:: Your assignment ::
The data that follows must be transcribed in full and exactly, minus the pictures.

(Beginning of Data section)

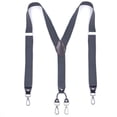 thumbnail image 3 of SGFCWSX Men's X-Back Suspenders, Elastic 4-Clip Adjustable Formal Casual Gray, 3 of 4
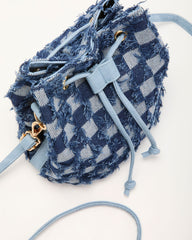 Jolena Checkered Denim Crossbody Bag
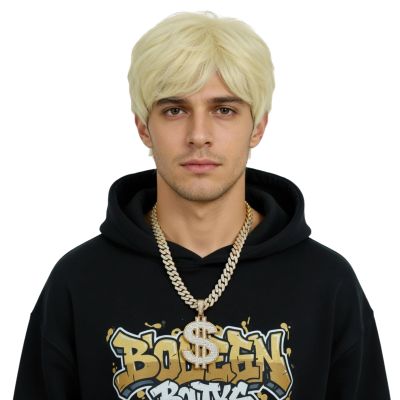 BECUS Blonde Wig for Men Short, Platinum Blonde Wigs with Bangs, Straight Synthetic Cosplay Mens Wig, Realistic Costume Wigs for Halloween, Anime, Rockstar Party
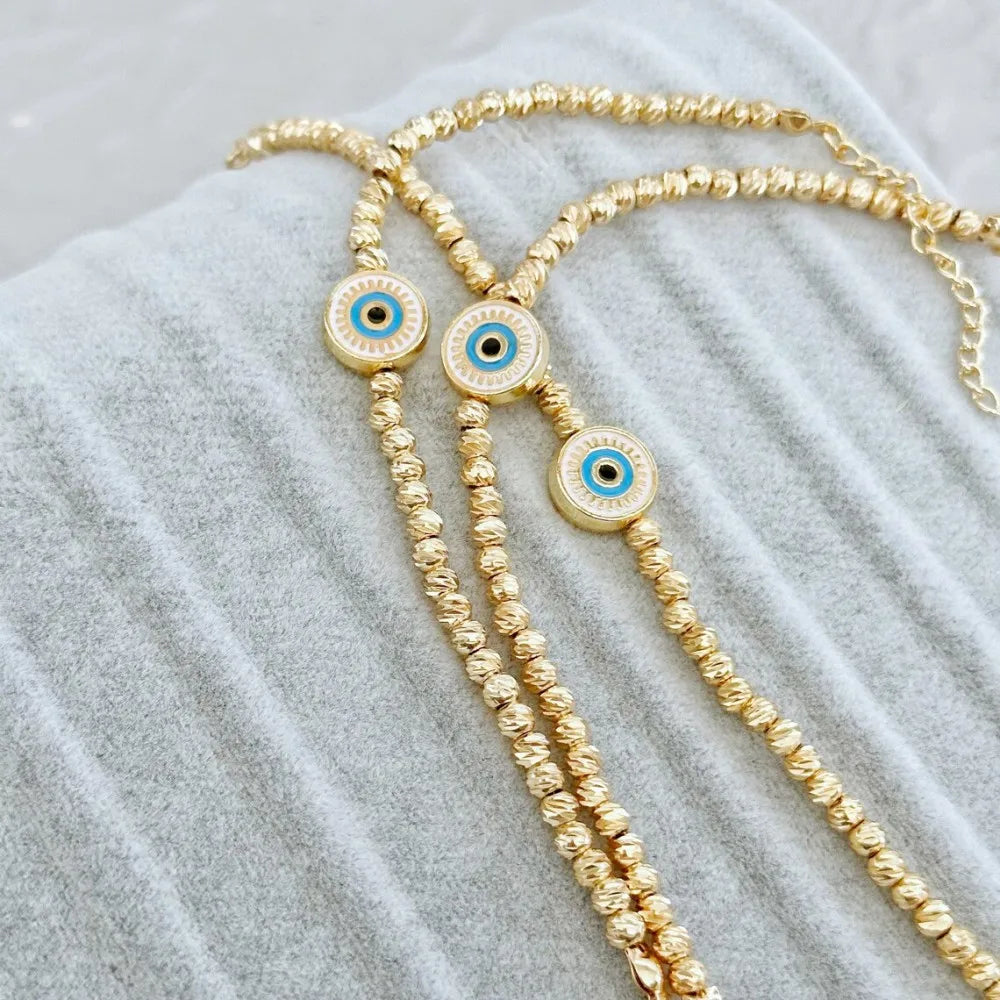 luckacco kkbead evil eye bracelet femme high quality gold plated beaded bracelet jewelry for women accessories gift pulseras mujer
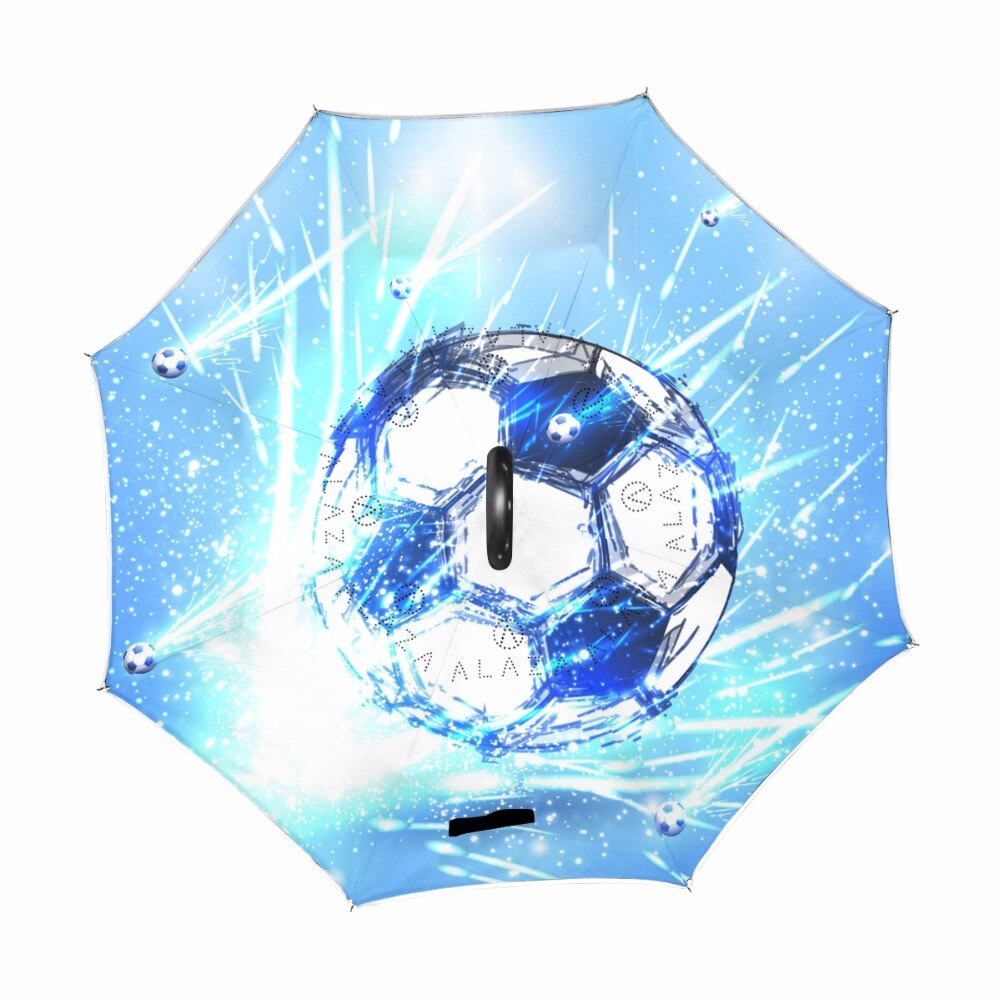 Fodbold c-krog håndtag omvendte paraplyer dobbeltlag omvendt vindtæt regnbilsparaply til mænd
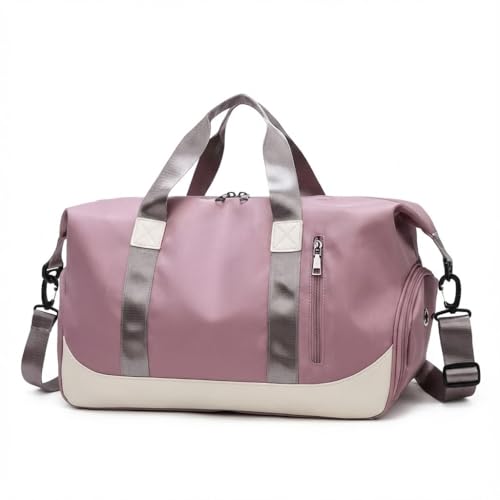 Bolsa de Viagem Esportiva, Mala de Mão com Alça Transversal, Grande Capacidade para Academia e Viagens (Rosa Malva)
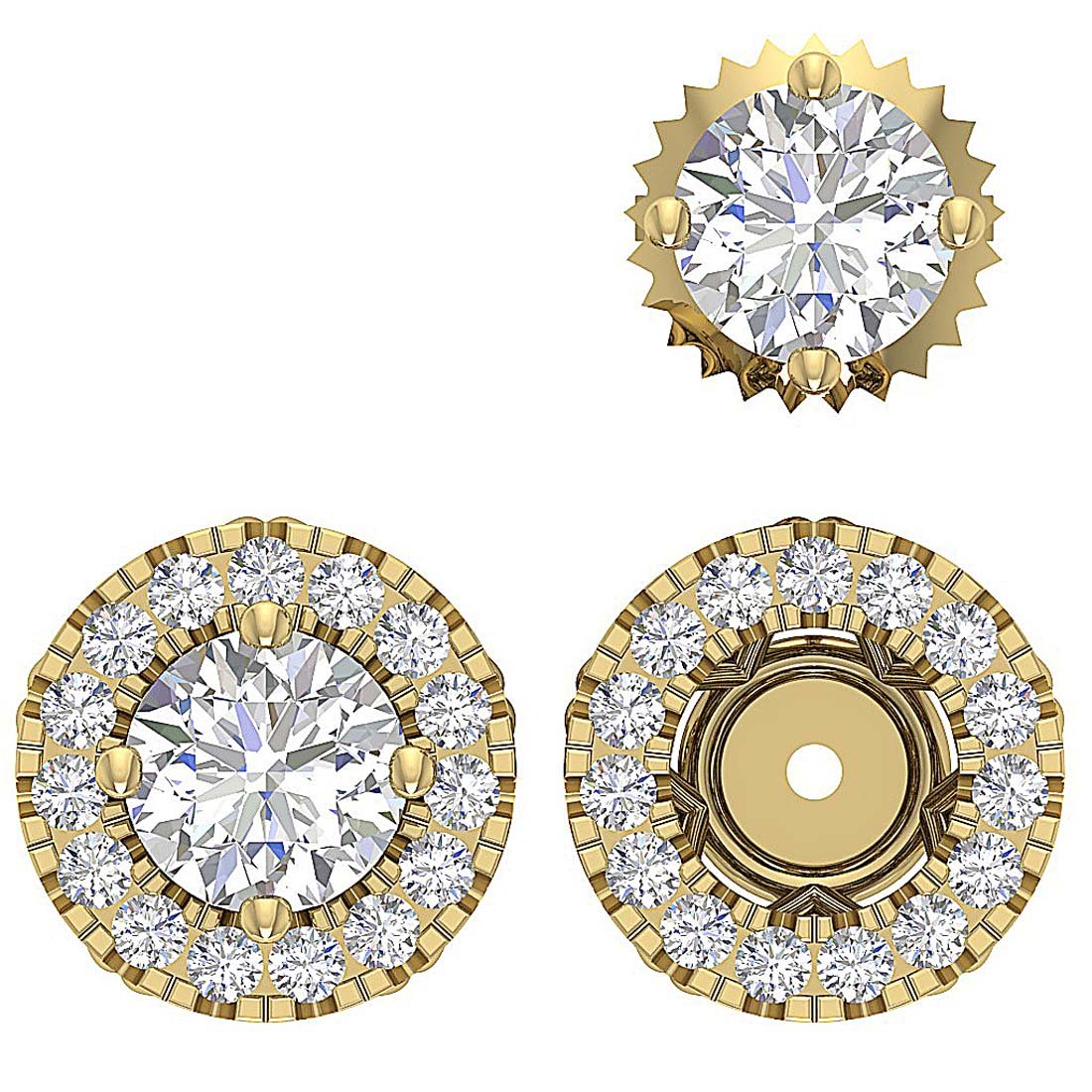 14k Solid Gold Round Diamond SI1/I1 G 1.55 Ct Removable Jacket Studs Earrings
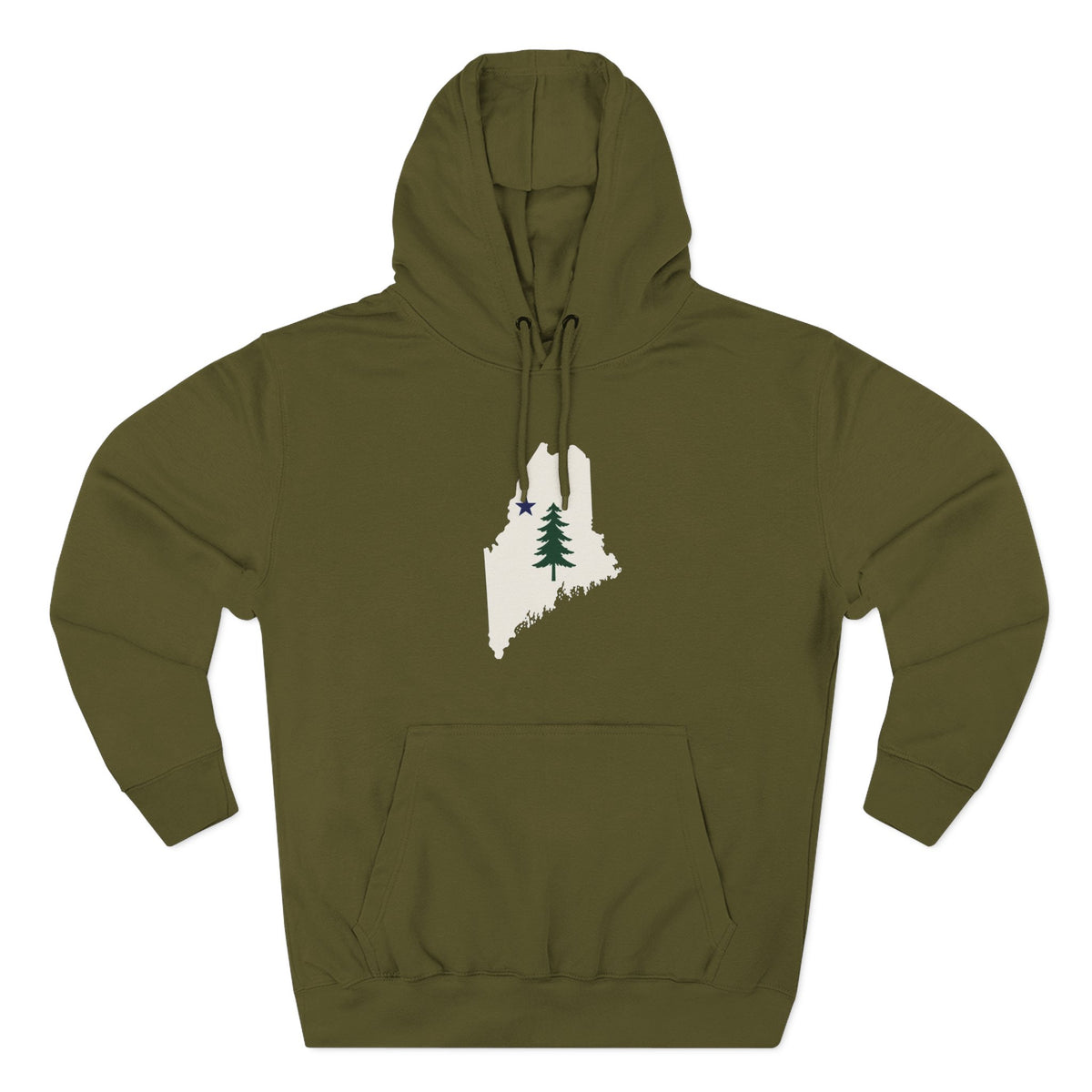 Maine Pine Tree Hoodie – Rustic State Outline Fleece Pullover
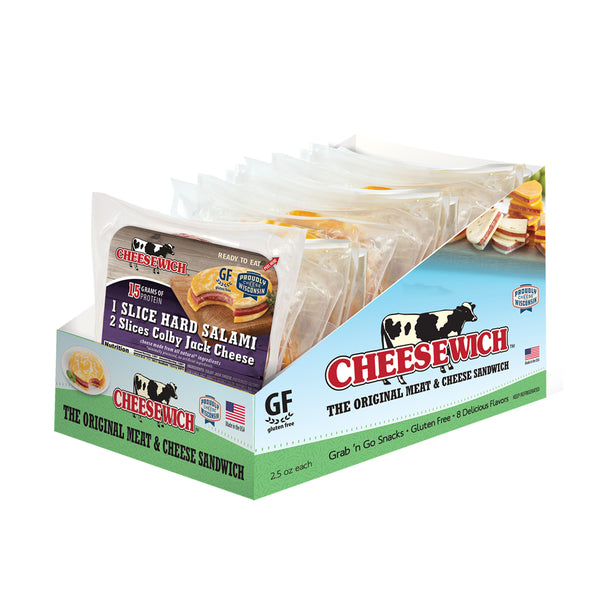 Slices Of Colby Jack Cheese With Slice Ofhard Salami In The Middle 2.5 Ounce Size - 64 Per Case.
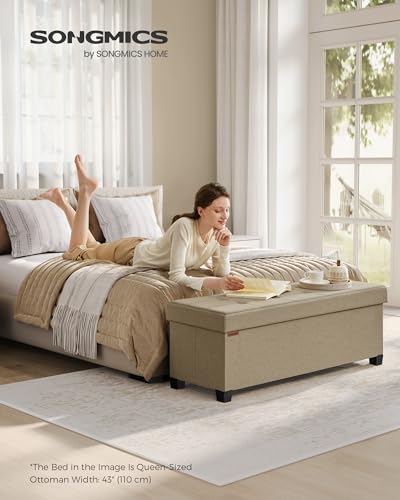 SONGMICS Storage Ottoman Bench, Foldable Foot Rest with Legs, 15 x 43 x 15.7 Inches, End of Bed Bench, Storage Chest, Load up to 660 lb, for Living Room, Bedroom, Entryway, Camel Brown ULSF018K01 - color: Camel Brown, size: 15"D x 43"W x 15.7"H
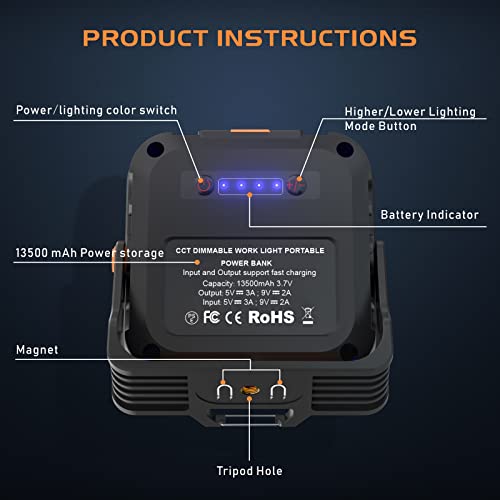 Aygrochy Projecteur LED Rechargeable, Lampe Chantier 13500MAH avec 4 modes d'éclairage et 10-100% niveaux de luminosité pour la réparation automobile, le camping. - Image 4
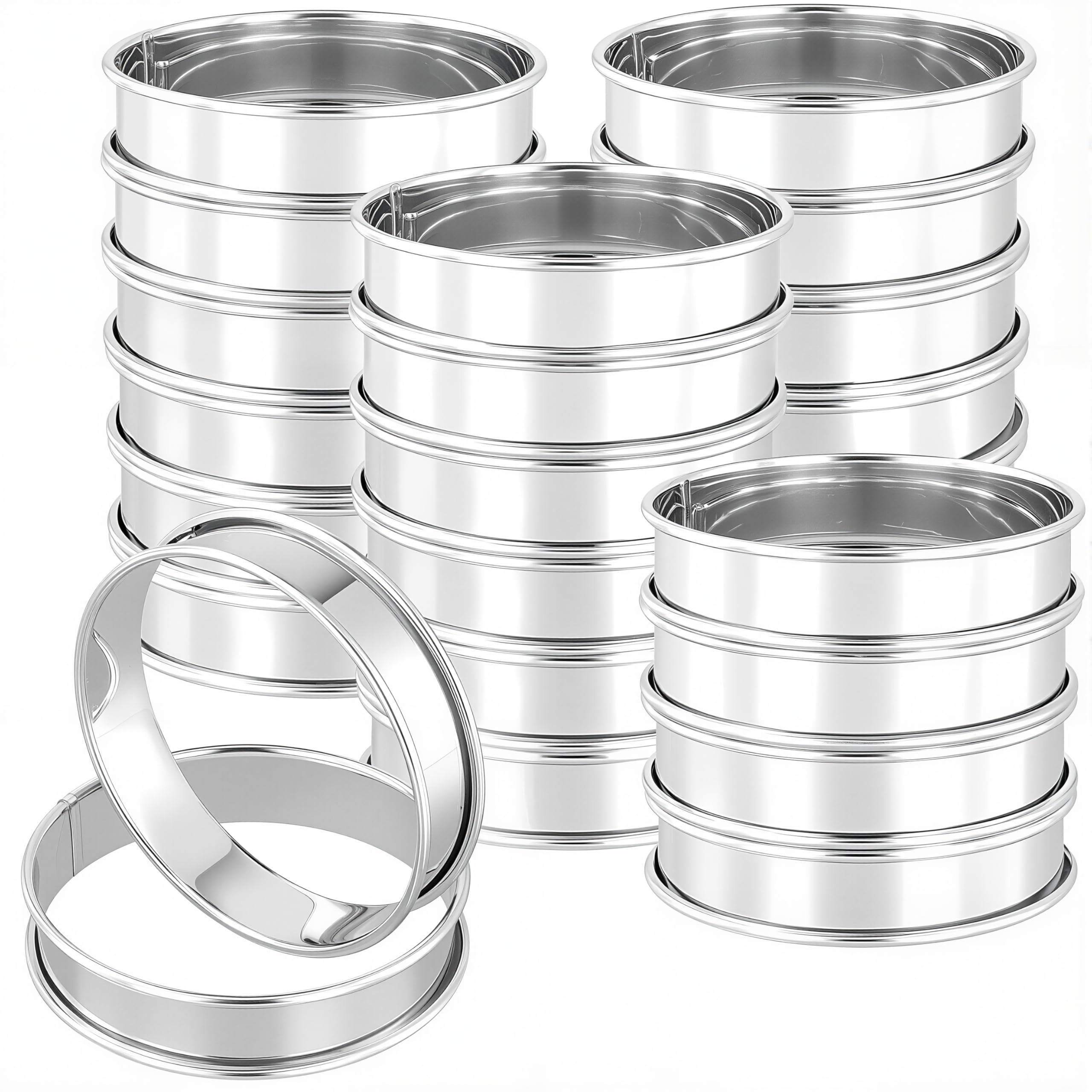 Anneaux pour muffins anglais et crêpes moule rond inox 10,2 cm x24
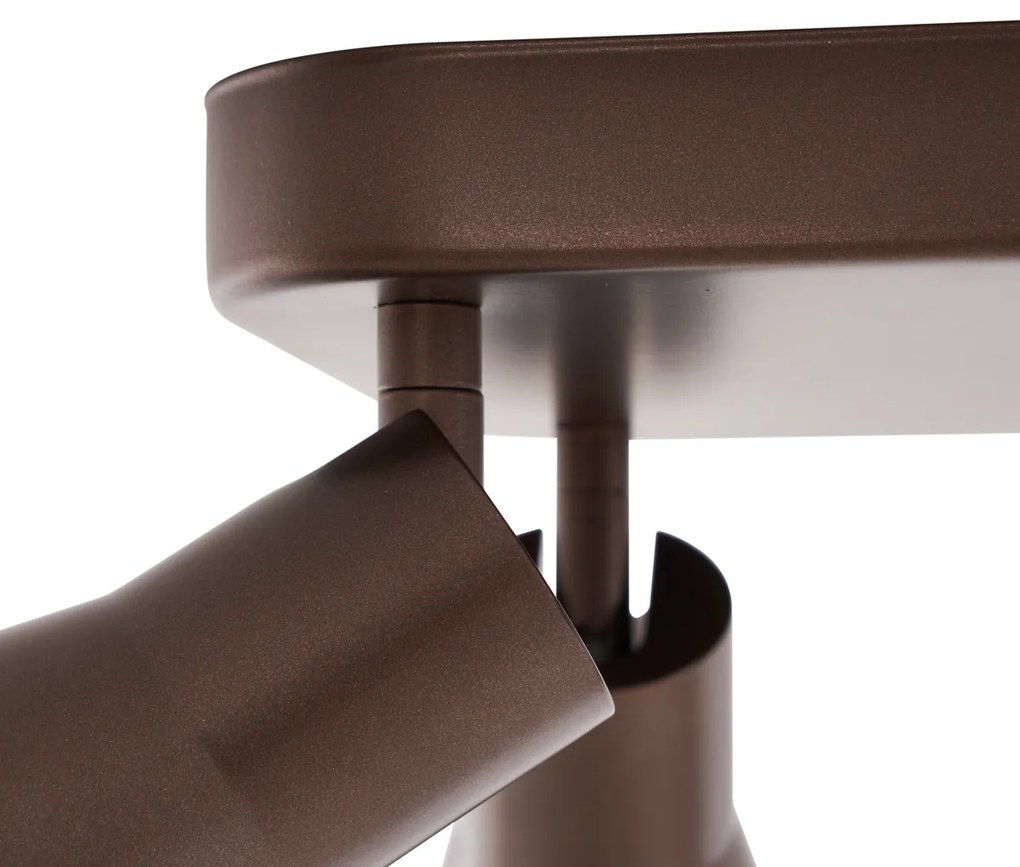 Spotlight tavan patrat GU10 50mm bronz închis cu 4 lumini - Stanley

(End of Data section)

:: Response below ::
 thumbnail image 3 of SGFCWSX Men's X-Back Suspenders, Elastic 4-Clip Adjustable Formal Casual Gray, 3 of 4
 Jolena Checkered Denim Crossbody Bag
 BECUS Blonde Wig for Men Short, Platinum Blonde Wigs with Bangs, Straight Synthetic Cosplay Mens Wig, Realistic Costume Wigs for Halloween, Anime, Rockstar Party
 luckacco kkbead evil eye bracelet femme high quality gold plated beaded bracelet jewelry for women accessories gift pulseras mujer
 Fodbold c-krog håndtag omvendte paraplyer dobbeltlag omvendt vindtæt regnbilsparaply til mænd
 Bolsa de Viagem Esportiva, Mala de Mão com Alça Transversal, Grande Capacidade para Academia e Viagens (Rosa Malva)
 14k Solid Gold Round Diamond SI1/I1 G 1.55 Ct Removable Jacket Studs Earrings
 Maine Pine Tree Hoodie – Rustic State Outline Fleece Pullover
 Slices Of Colby Jack Cheese With Slice Ofhard Salami In The Middle 2.5 Ounce Size - 64 Per Case.
 SONGMICS Storage Ottoman Bench, Foldable Foot Rest with Legs, 15 x 43 x 15.7 Inches, End of Bed Bench, Storage Chest, Load up to 660 lb, for Living Room, Bedroom, Entryway, Camel Brown ULSF018K01 - color: Camel Brown, size: 15"D x 43"W x 15.7"H
 Aygrochy Projecteur LED Rechargeable, Lampe Chantier 13500MAH avec 4 modes d'éclairage et 10-100% niveaux de luminosité pour la réparation automobile, le camping. - Image 4
 Anneaux pour muffins anglais et crêpes moule rond inox 10,2 cm x24
 Spotlight tavan patrat GU10 50mm bronz închis cu 4 lumini - Stanley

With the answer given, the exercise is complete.